---- Information

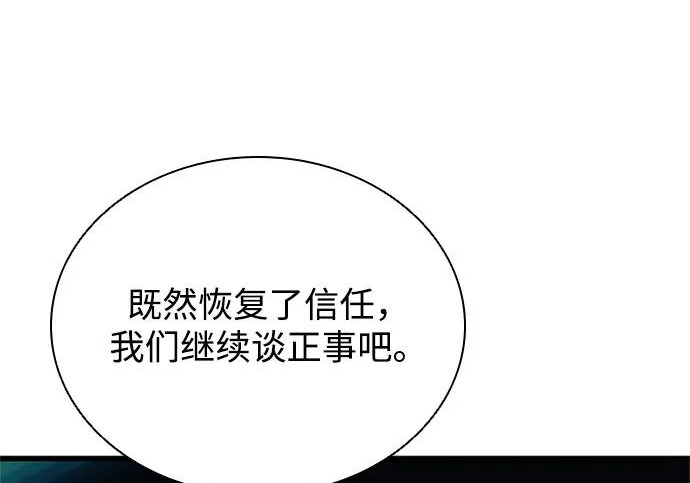 第315页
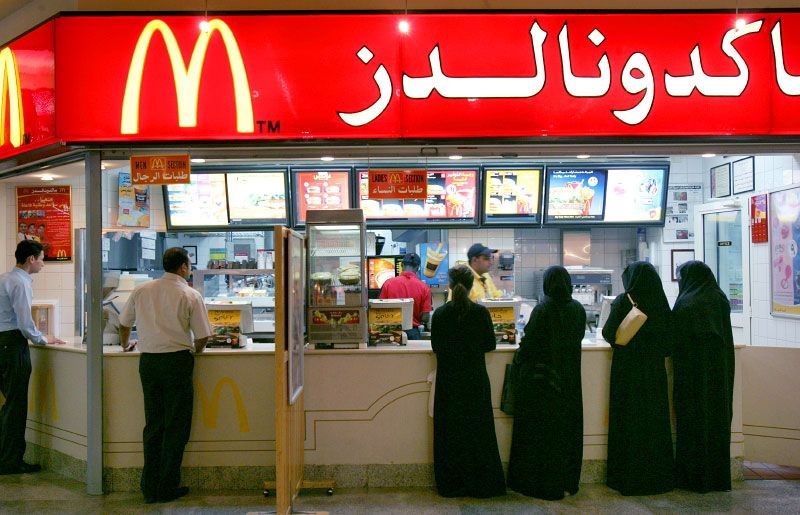 Arabia Saudyjska: kobiety mogą już jeść w restauracjach razem z mężczyznami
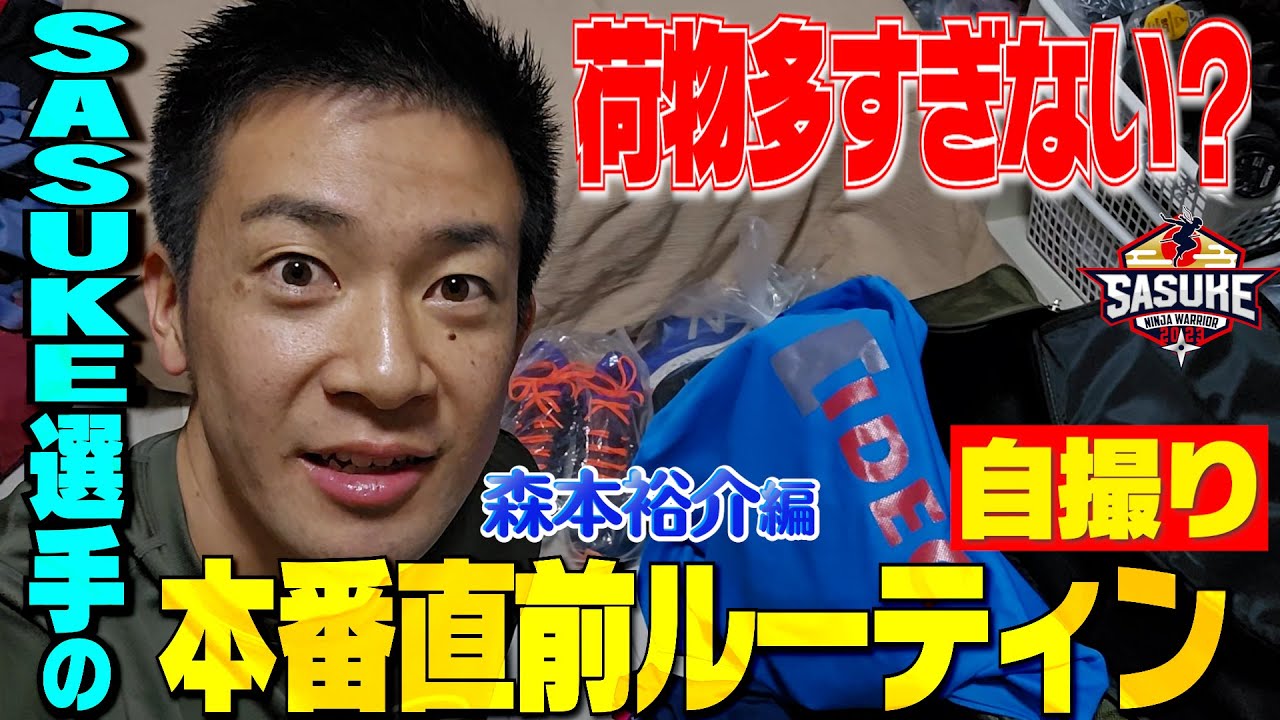 New Project] SASUKE Contestant's Pre-Game Routine: Yusuke
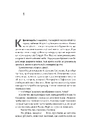 Книга Гніздо фото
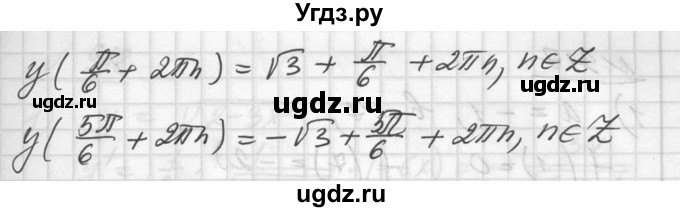 ГДЗ (Решебник №1) по алгебре 10 класс Ш.А. Алимов / упражнение-№ / 915(продолжение 3)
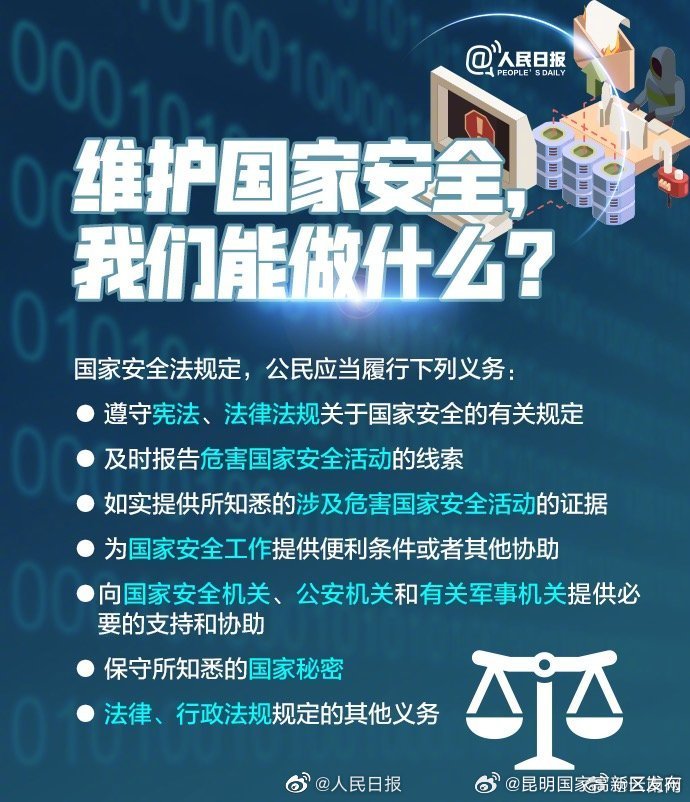 昆明国家高新区发布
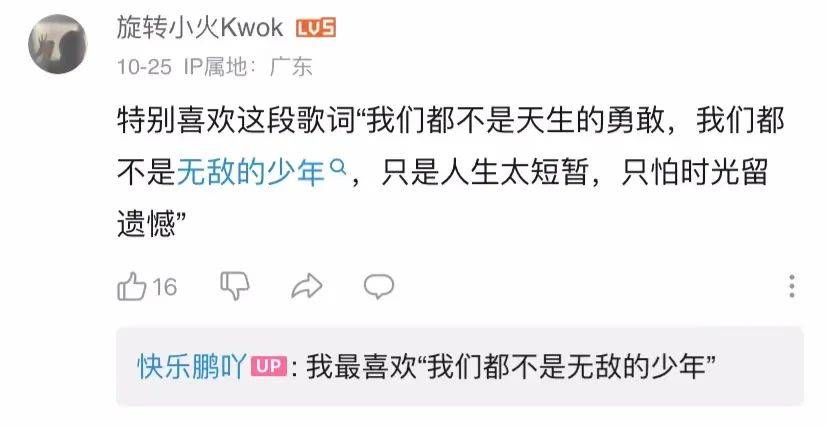 跨越千山万水,看见中国青年
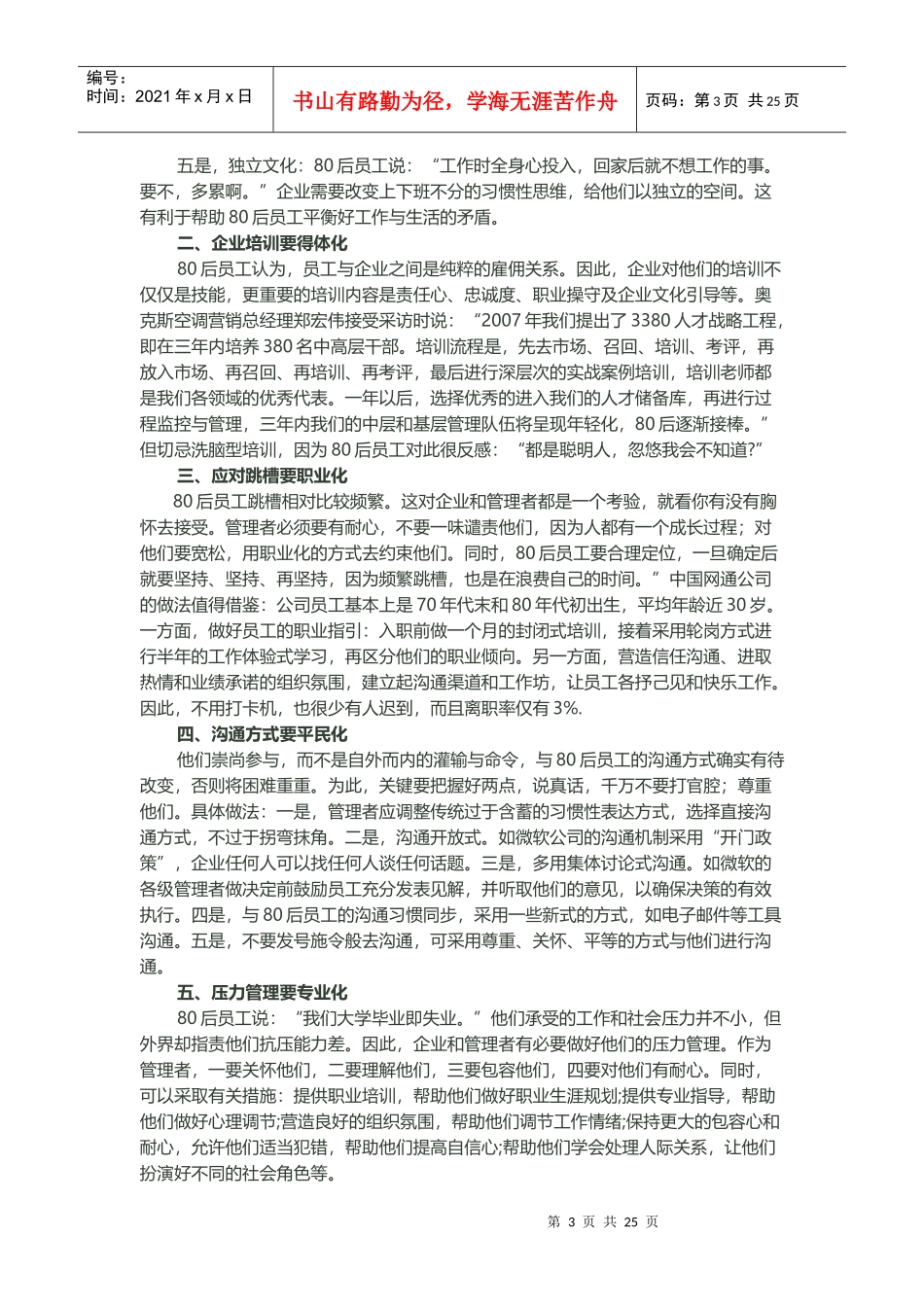 杭州企业管理课程_第3页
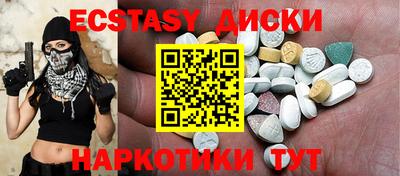 крисы Рыбинск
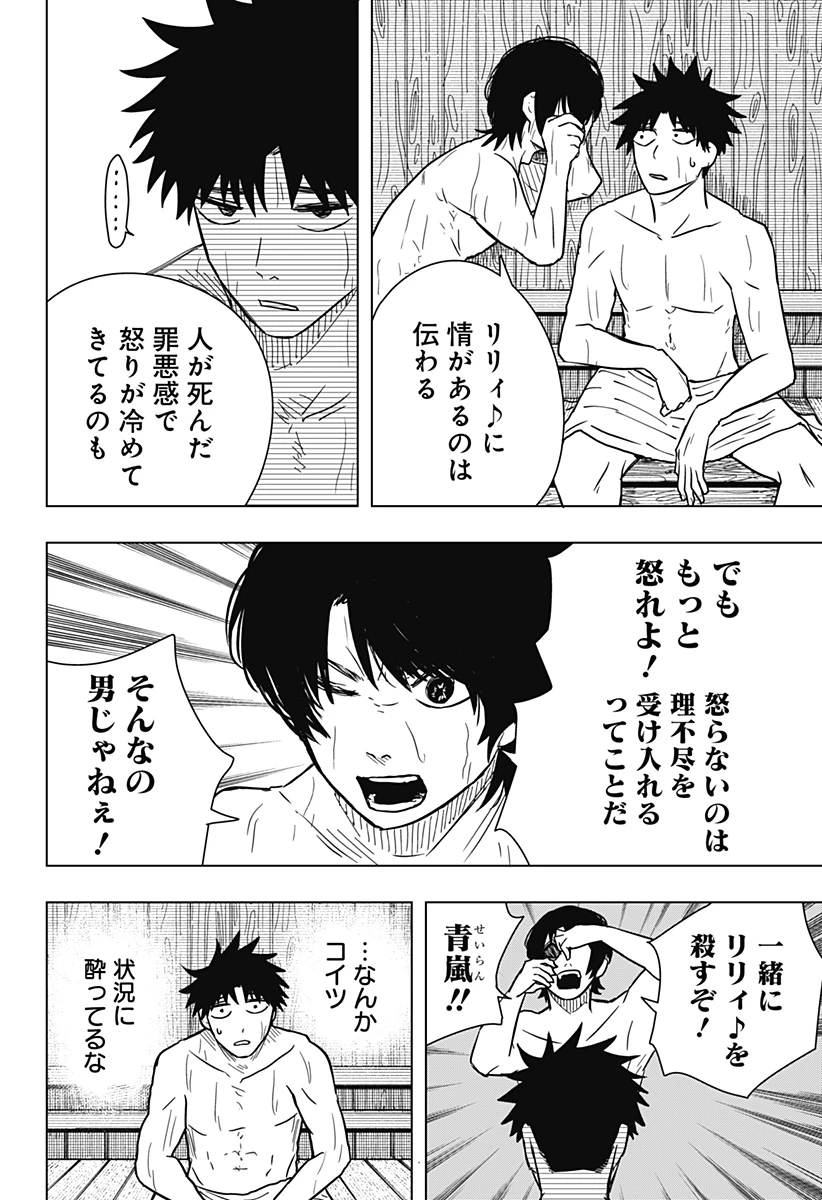 ドラマクイン 第25話 - 20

--------

Exercise requirements: A word-for-word copy is needed of the lines from the line holding "New Project] SASUKE" through the end of the records, both included, excluding every picture.

Expected answer:
 New Project] SASUKE Contestant's Pre-Game Routine: Yusuke
 Книга Гніздо фото
 ГДЗ (Решебник №1) по алгебре 10 класс Ш.А. Алимов / упражнение-№ / 915(продолжение 3)
 昆明国家高新区发布
 跨越千山万水,看见中国青年
 杭州企业管理课程_第3页
 крисы Рыбинск
 ドラマクイン 第25話 - 20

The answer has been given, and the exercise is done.